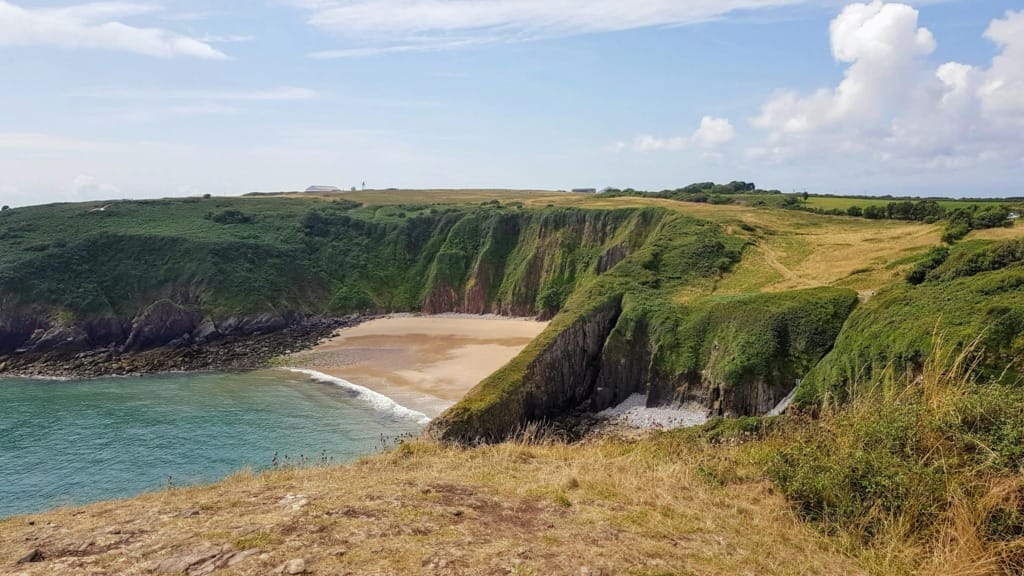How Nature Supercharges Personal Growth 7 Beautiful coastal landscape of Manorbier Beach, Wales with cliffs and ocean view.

--

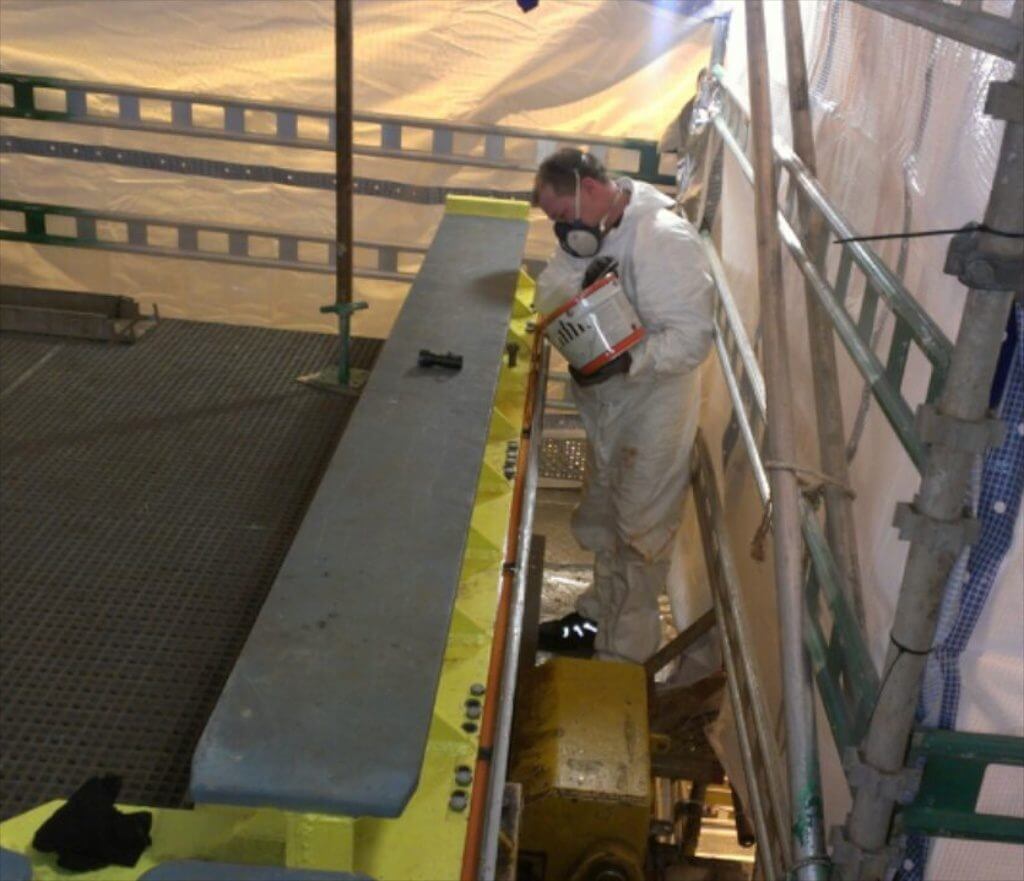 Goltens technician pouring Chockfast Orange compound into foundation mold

...

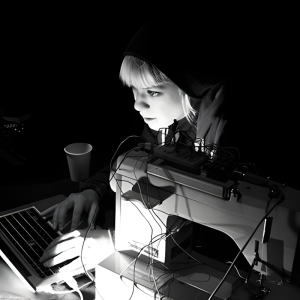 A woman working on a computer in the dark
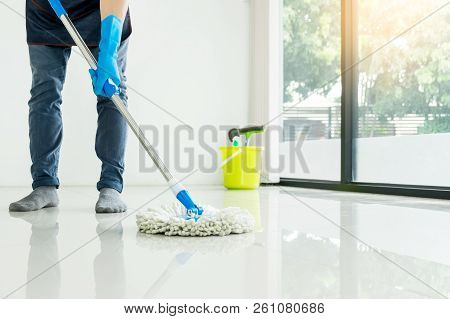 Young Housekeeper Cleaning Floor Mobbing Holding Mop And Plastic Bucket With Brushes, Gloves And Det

◆ Work to be completed: Although pictures appear among the records above, none are to be output; print exactly the lines from the line containing "A woman working on a computer in the dark" through the line containing "Young Housekeeper Cleaning".

◆ Response:
 A woman working on a computer in the dark
 Young Housekeeper Cleaning Floor Mobbing Holding Mop And Plastic Bucket With Brushes, Gloves And Det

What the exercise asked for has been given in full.